KONSERDE 15 BİN AFGAN KADIN VARDI
- Konserleriniz sürekli saldırılara hedef oluyor ama siz hâlâ koruma kullanmıyorsunuz. Öldürülmekten korkmuyor musunuz?
- Ben hayalperestim. Şeytandan çok, meleklere inanırım. Ülkenin en tehlikeli bölgelerinde bile korumasız geziyorum. Amacım milyonlarla etkileşim içinde olmak. Şiddetin ayyuka çıktığı yerlerde, kötülüğe karşı buzları eritmek için şarkı söylüyorum. İsyancılar kötü niyetli oldukça ve sadece öldürmeyi istedikleri sürece Afgan halkı benim barış için yaptıklarıma daha da çok inanacak. Şimdilik hayattayım ama çalıştığım birçok kişi benim de olay yerinde bulunduğum saldırılarda can verdi.
- Afganistan'ın Elvis Presley'i olmak nasıl bir duygu. Size neden Afgan Elvis Presley diyorlar?
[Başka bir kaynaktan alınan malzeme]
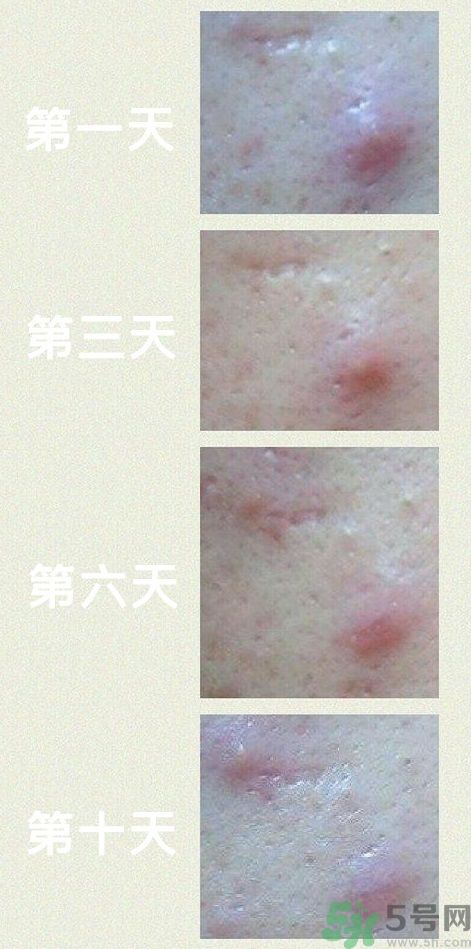 AZZEEN芝研女優(yōu)水怎么樣？好用嗎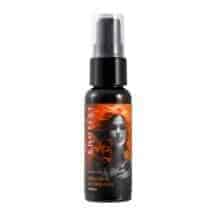 Жидкий вибратор Erotist Volcano of passion Mango, 25 мл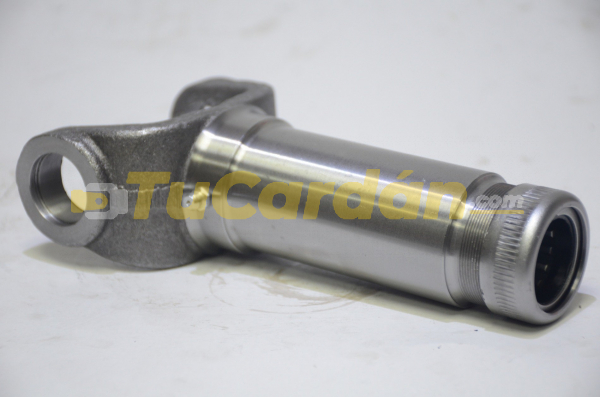 BOTELLA CARDAN TOYOTA 2-3-11991KX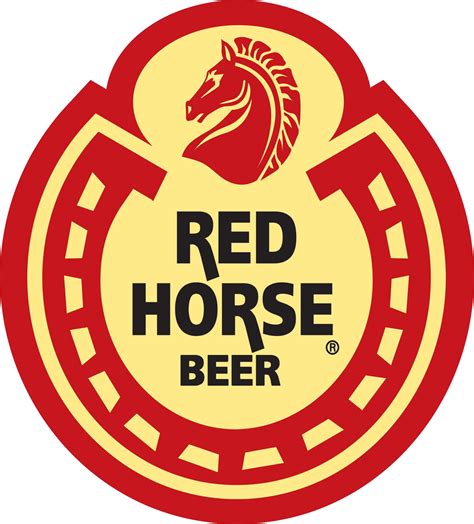 Red Horse Beer | | Beer cake, Beer wallpaper, Birthday cake topper printable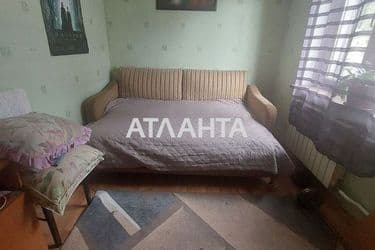 Будинок за адресою вул. Степная (площа 146 м²) - Atlanta.ua - фото 32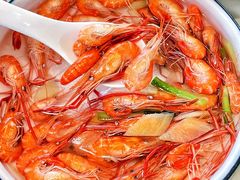 -品鲜村农家菜·阳澄湖大闸蟹(总店)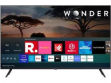 Samsung UA43AUE65AK 43 inch (109 cm) LED 4K TV price in India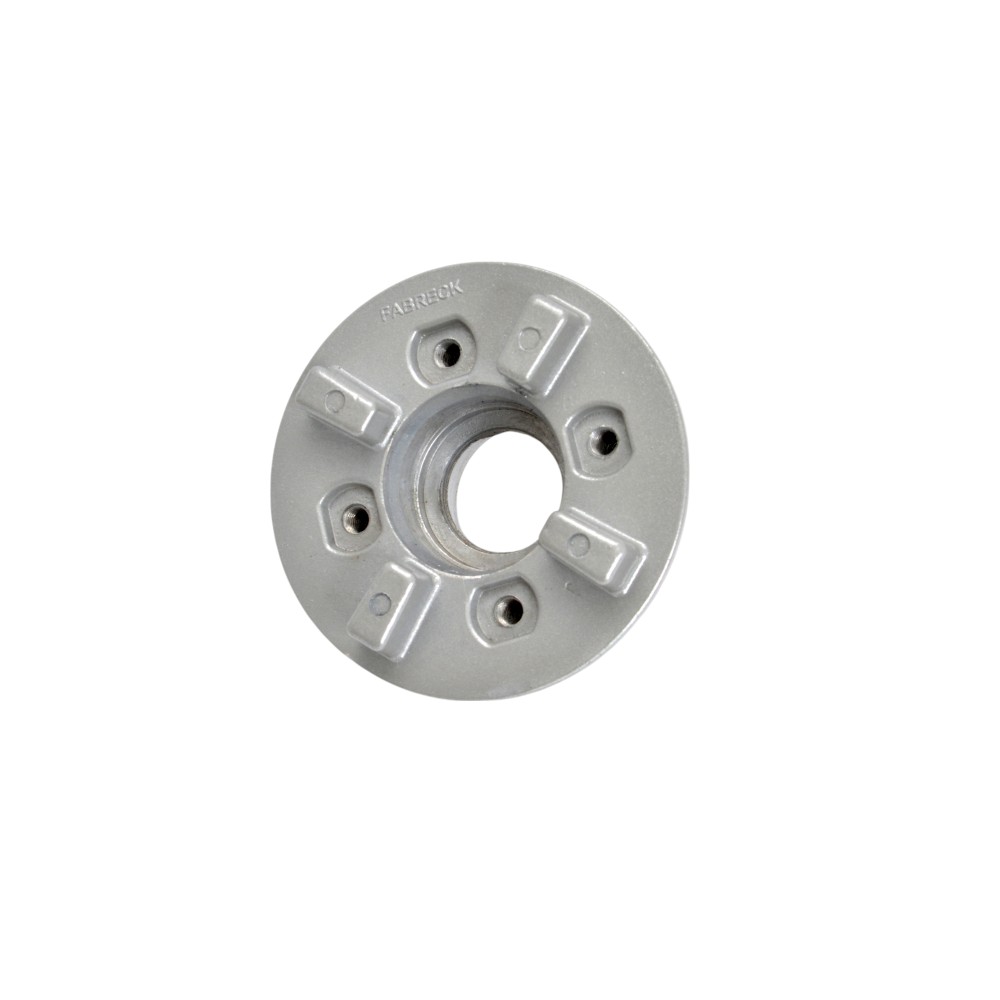 CUBO FIXO COROA DREAN/XY 50/TRAXX 298/1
- Afgan Elvis olmaktan çok memnunum. Elvis Presley, Michael Jackson, Madonna, Ummü Gülsüm, Sezen Aksu gibi efsaneler benim için çok önemli. Afgan hayranlarım için ben Faryad Darya'yım. Ama Batı'da Afgan Elvis'im. Batı basının beni Elvis Presley'e benzetmesinin en büyük nedeni, kadın hayranlarımın çokluğu. Afganistan'da bir kadının bir erkeğe 'Seni seviyorum,' demesi bir tabu. Ülkemde başka hiçbir sanatçının konserinde bu kadar çok sayıda kadın göremezsiniz. Ayrıca konserlerimdeki 'Seni seviyorum' yazılı pankartları, TV'lere bile gururla gösterebiliyorlar. Onların aileleri ve dini liderleri de, bana bu şekilde hitap etmelerine ses çıkarmıyor. Ayrıca kadınlar da onların haklarını sonuna kadar savunduğumu biliyor. Bu yüzden hayatlarını riske atarak konserlerime yoğun ilgi gösteriyorlar. Geçen yıl Uluslararası Barış Günü çerçevesinde Mezar-ı Şerif bölgesinde verdiğim konsere 15 bin kadın katıldı.
EN SON HABERLER
- 1 Kuruluş Osman’ın Ulcay’ı Ümit Kantarcılar’dan samimi açıklamalar! “Dizi ve sinema sektöründeki başarımız tesadüf değil”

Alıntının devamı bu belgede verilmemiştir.